PK: I think it actually is. It’s a unique relic of a major moment in comics history. Scarcity’s always good for increasing desire for an object like that and you don’t get much more scarce than CCC. Well, five copies less scarce than everybody’s always thought, but still scarce.

JB: Can you relate the story of your own personal copy, how you got one, sold it, etc.?

PK: Hey, my name’s in it, I get a comp copy. But as one of the people behind putting it together, I was among the thirty-five chosen ones. I kept that copy for a few years, until about 1981 when, during one of my starving artist years, I sold it for $600 to a collector in Chicago—not a lot now, I know, but in those days my rent was $145 a month, so that money went a long way. I don’t even know what a copy would go for today.

I was sorry to have to let go of it. I said bye-bye to a lot of great old books during that period, including my mint copy of Showcase #4, which I bought off of inker Jack Abel when I was a teenager for $10, for about 1/40th its current value, but I’d grown addicted to eating, curse my weak soul. Other copies of CCC have since drifted through my life, but none have stayed permanently and I don’t think I’ve seen a copy for almost 20 years.

You couldn’t get away with something like CCC today. Someone would have to write a proposal, which would go through the review process, be assigned an editor, planned, re-planned, reviewed by the hierarchy, corrected, colored, printed, bound ... and sold for $24.95 a volume, where it would sit on the backlist for all the rest of time. We, on the other hand, were just having a good time, making lemons out of lemonade by putting together our own little fanboy bragging rights collectible.

JB: That story hurts almost as much as the one about the kids coloring in it! One last little addendum here: The head of Mego (the 70s-80s toy company) claims that at some point in the mid-70s or so he was offered the chance to buy DC and its characters. Bupkis? Or...? I bring this up because at one point you say you and other staffers wondered "if there would even be a DC".

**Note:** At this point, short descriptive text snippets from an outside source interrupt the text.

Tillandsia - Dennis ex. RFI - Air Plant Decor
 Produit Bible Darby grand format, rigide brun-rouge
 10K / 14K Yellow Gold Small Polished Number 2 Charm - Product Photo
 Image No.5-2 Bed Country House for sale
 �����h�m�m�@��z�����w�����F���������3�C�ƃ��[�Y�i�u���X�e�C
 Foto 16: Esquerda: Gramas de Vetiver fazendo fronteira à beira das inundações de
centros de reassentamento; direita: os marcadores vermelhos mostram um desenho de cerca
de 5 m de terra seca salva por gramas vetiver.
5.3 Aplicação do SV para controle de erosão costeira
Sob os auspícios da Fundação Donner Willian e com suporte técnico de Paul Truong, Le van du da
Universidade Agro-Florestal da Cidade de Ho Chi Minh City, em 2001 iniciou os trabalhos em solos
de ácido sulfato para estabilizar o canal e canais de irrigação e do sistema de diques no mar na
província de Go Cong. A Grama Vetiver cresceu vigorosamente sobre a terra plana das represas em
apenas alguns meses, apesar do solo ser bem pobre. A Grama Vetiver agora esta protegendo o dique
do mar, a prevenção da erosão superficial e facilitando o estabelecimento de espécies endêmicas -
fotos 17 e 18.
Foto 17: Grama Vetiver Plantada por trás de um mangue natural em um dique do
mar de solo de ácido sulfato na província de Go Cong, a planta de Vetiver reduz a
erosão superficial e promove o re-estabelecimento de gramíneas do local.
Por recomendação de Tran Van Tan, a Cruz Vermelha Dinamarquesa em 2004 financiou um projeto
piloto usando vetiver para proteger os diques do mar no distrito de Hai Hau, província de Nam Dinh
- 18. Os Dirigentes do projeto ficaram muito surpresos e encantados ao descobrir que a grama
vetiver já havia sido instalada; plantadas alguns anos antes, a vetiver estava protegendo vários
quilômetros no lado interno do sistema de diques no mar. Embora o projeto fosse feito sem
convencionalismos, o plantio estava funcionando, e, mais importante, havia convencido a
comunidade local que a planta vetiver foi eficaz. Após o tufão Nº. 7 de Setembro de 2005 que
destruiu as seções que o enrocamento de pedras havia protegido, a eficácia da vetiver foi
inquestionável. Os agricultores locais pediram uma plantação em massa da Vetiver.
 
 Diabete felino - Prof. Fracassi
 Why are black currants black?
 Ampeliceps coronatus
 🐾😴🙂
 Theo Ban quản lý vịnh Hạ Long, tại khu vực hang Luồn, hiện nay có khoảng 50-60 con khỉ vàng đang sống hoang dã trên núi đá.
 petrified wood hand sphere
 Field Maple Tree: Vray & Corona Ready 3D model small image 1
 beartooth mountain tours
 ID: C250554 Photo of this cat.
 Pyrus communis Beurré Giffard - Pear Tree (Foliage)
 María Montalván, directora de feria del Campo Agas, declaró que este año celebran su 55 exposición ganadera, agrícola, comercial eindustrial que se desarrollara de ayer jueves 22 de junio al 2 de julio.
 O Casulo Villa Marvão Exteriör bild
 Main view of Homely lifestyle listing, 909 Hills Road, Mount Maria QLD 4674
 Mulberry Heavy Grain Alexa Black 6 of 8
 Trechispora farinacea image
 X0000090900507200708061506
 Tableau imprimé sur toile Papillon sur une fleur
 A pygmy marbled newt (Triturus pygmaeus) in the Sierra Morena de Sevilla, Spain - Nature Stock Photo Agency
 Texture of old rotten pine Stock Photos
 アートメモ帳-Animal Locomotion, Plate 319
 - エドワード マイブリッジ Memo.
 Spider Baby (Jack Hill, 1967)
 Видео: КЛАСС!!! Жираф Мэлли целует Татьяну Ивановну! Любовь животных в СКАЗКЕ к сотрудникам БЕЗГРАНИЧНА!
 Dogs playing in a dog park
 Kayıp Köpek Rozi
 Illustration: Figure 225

PK: That's not entirely out of the realm of possibility, certainly not in 1978. Look, as early as 1970 or so, you had the young guys like Chaykin and Weiss and Wrightson coming into comics, and you read interviews with them today where they all say they thought they were getting into the comics business during the industry's "last days." None of these guys thought comics would be around in 10 years, maybe not even five. Then you get to something catastrophic like the Implosion...hard not to be pessimistic.

Because, certainly in those days, when the fans were only a small percentage of the buying public as opposed to 100% of today's market, it would have made sense for the company, struggling with publishing, to just stop creating and buying new material and go all reprint, using the 40 years of backlogged material to keep titles going and characters in the public eye. You think Mego or Kellogg's or whoever the licensors were back then gave a crap if there was a new Superman story published this month? It made no difference; as long as DC published a comic book called Superman, the license had value. So why not save a small fortune on new material and go all-reprint, bag the creative staff except for Nelson and a couple of junior editors to package the reprints, and there would still have been the exact same Superman: The Movie, etc.

So, it's very possible that DC was, behind closed doors, 'for sale,' and Mego was as likely a buyer as any. I don't doubt there were talks—could have been completely informal, who knows?--but, thankfully, Superman: The Movie started to look like it was going to be as strong as it turned out to be, plus after the sales disaster of the winter of '78, sales picked up again and the panic subsided.

JB: Thanks for your time and all the great information, Paul…and let’s hope there never has to be a Cancelled Comics Cavalcade #3 someday.